Amateur Hour at MWW…

It’s amateur hour at Monster Worldwide’s HQ and Sal Iannuzzi and the Sopranos have some damage control to do.

While working at my computer Friday afternoon (3:45pm to be exact), an email flew across that my trade for the October PUTS executed. I was stunned! I had a “Good Till Cancel” trade for the October $7 PUTS at .60/share. They were trading around .25 earlier in the day. What would cause those options to almost triple in such short order? I quickly went to look the price action on MWW and sure enough the price fell off a cliff (13+%) from over $8 to below $7. But there was no news.
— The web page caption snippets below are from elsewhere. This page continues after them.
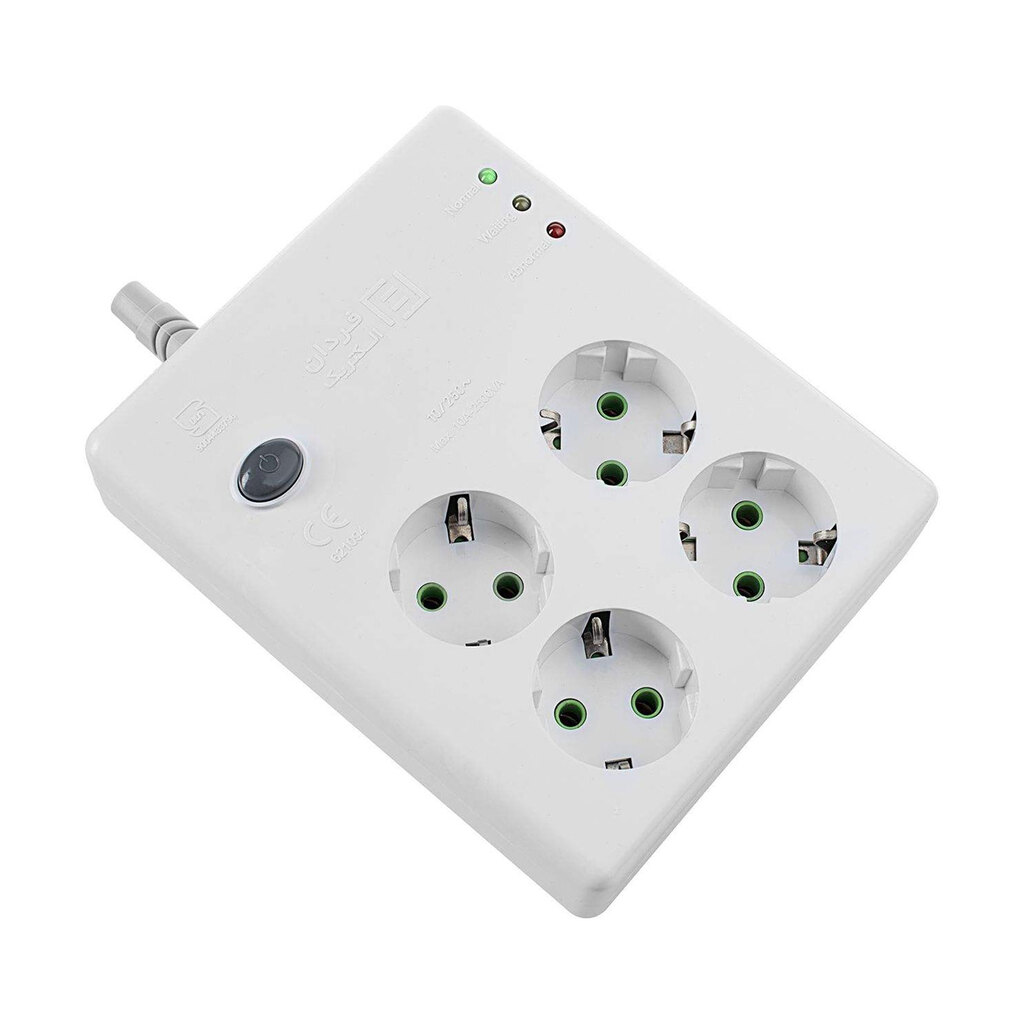 محافظ برق 4 خانه فردان الکتریک با مغزی پلی کربنات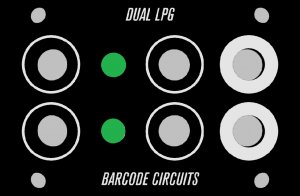 Eurorack Module Dual LPG from Barcode Circuits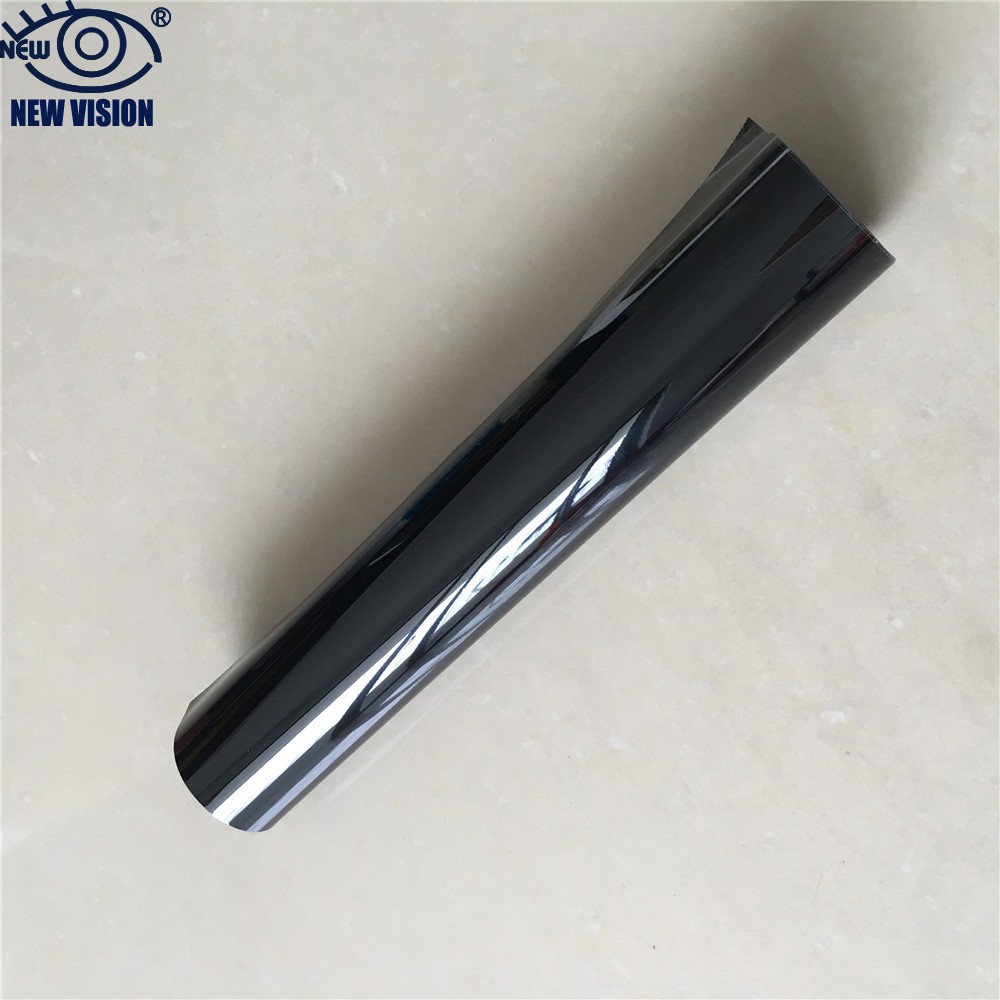 High quality 1 ply PET holographic 15230 m Vlt15 selfadhesive solar static window glue tinting film for car window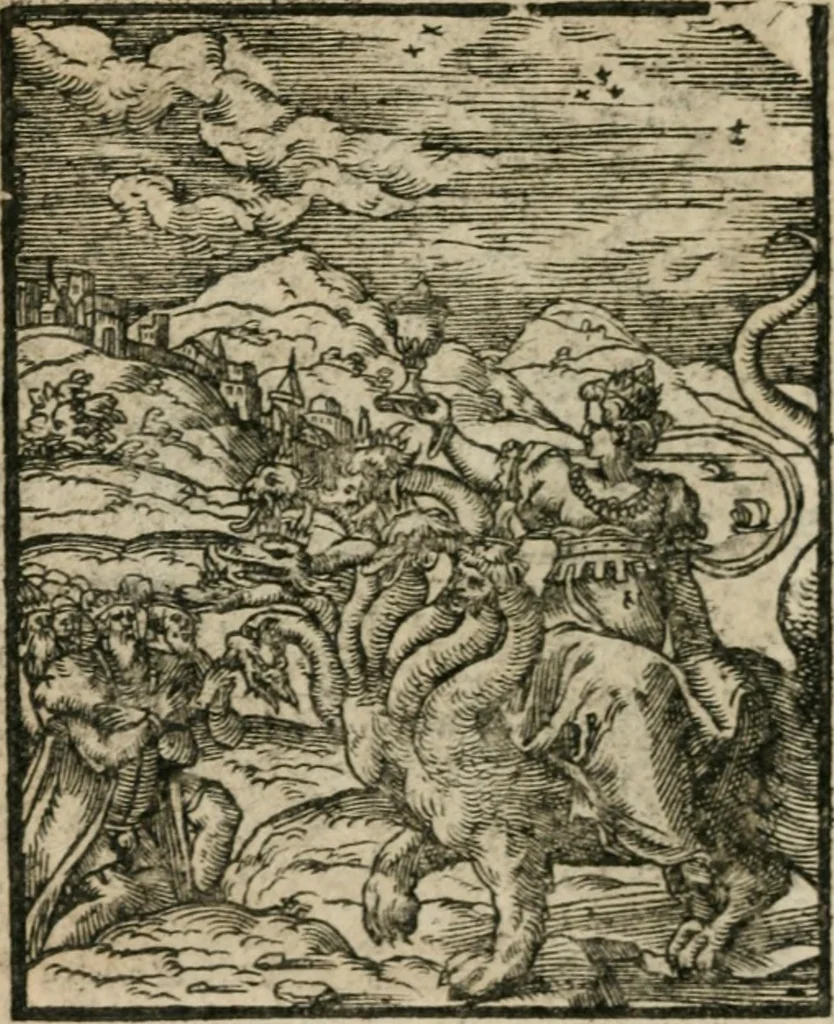 An illustration from Icones historicae Novi Testamenti, carminibus latinis et gallicis illustratae, in quibus exponitur historia in singulis exhibita figuris = Figures historiques du Nouveau Testament, accompagnées de quadrains en latin et en françois, qui exposent l'histoire representée en chaque figure, 1681, leaf 103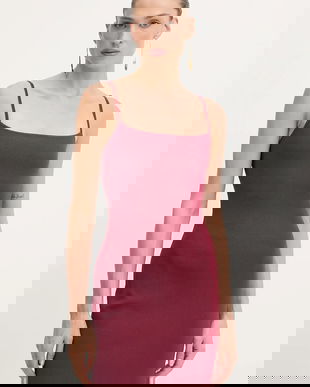 MICHAEL Michael Kors rochie culoarea bordo, mini, mulată, MT5833Z33D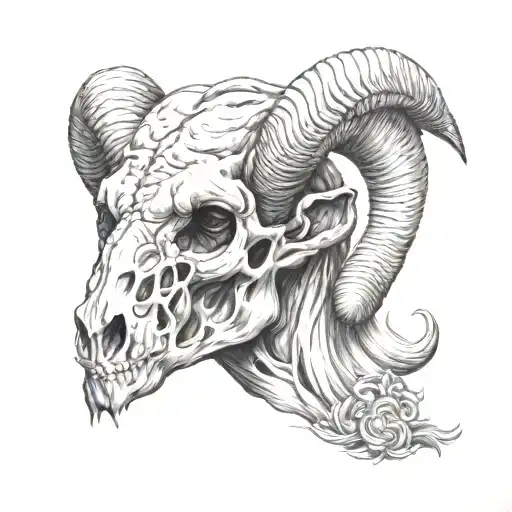 Aries Head Skull Soft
What happened?

I shot an email out to my peeps and within minutes, one of them forwarded “tweets” from Twitter saying that Monster apparently rejected a deal from Private Equity for $10/share. Talks between Private Equity and Monster had been going on for quite some time, but once the deal was rejected investors dumped the stock.

This is what I wrote in my posting on July 11th: “The belief inside Monster is that Private Equity will try to scoop it up. I put the over/under on any deal at $11/share. That would give Fat Sal $15 million for literally destroying (in my opinion) a company. If anyone wants to measure the Return On Investment (ROI) for making a bad hire, look no further than Sal Iannuzzi.” (http://bit.ly/RKnDbW)

Looks like I was giving Monster a 10% premium.

The aftermath of this deal collapsing is going to be very interesting. For those who don’t know me personally, I hang around with very smart people. They raise my level and I (of course) lower theirs. In our bantering thread about MWW’s stock collapse Friday, this fabulous point was made.

“MWW thinks they are worth more than $10 per share, so they rejected the bid. Investors clearly think it’s worth less than that, hence the stock price decline. If it was a BS low-ball offer, and investors agreed, then management rejecting it would actually increase the stock price and increase investor confidence in management. What this decline means to me is that there were a high percentage of investors who were in the stock for no reason other than a potential buyout and bailed when they saw it’s less likely to happen. If the market thought there was a suitor willing to go north of $10, they would stick with it.”

Reread that last paragraph and let it sink in. This is not just a fabulous point, it is brilliant! (http://www.youtube.com/watch?v=3DPKf7y1F-Q)

So Sal Iannuzzi can say whatever he wants, but now he has to deliver a deal north of $10/share. From experience I can tell you that buyouts are marathons. Hopefully, for the sake of the shareholders, customers, and employees, he puts down the cannoli and rolls up his sleeves.

Ironically, this also comes on the heels that MGS has been independently shopping itself too. Reliable, yet unconfirmed sources tell me that MGS is pushing a price tag that is simply too hard to swallow. My guess is that MGS Senior Management has been promised a huge commission for helping MWW divest of its government practice.

If MGS were to sell, what name would they use? Munchkin Government Solutions? Minion? Nope, if they sell, which is doubtful given the ever changing landscape, they should simply go back to being called QuickHire.

As another peep quipped, “MGS isn’t investing in their products when they are shopping the company.”

And, this from a 3rd peep: “MGS customers are fed (no pun intended) up with being treated like the step-child and are looking for other alternatives in the marketplace. MGS needs to find a suitor fast while it still has customers to service.”

I’ve said it before and I’ll say it again. I’m the only one who can save MGS. BTW, I’m not calling MGS.

But for now the amateurs in NYC are wallowing in their glory of having spurned a deal. We’ll see what the coming weeks bring, but for those in the Fed HR space be prepared for more let downs.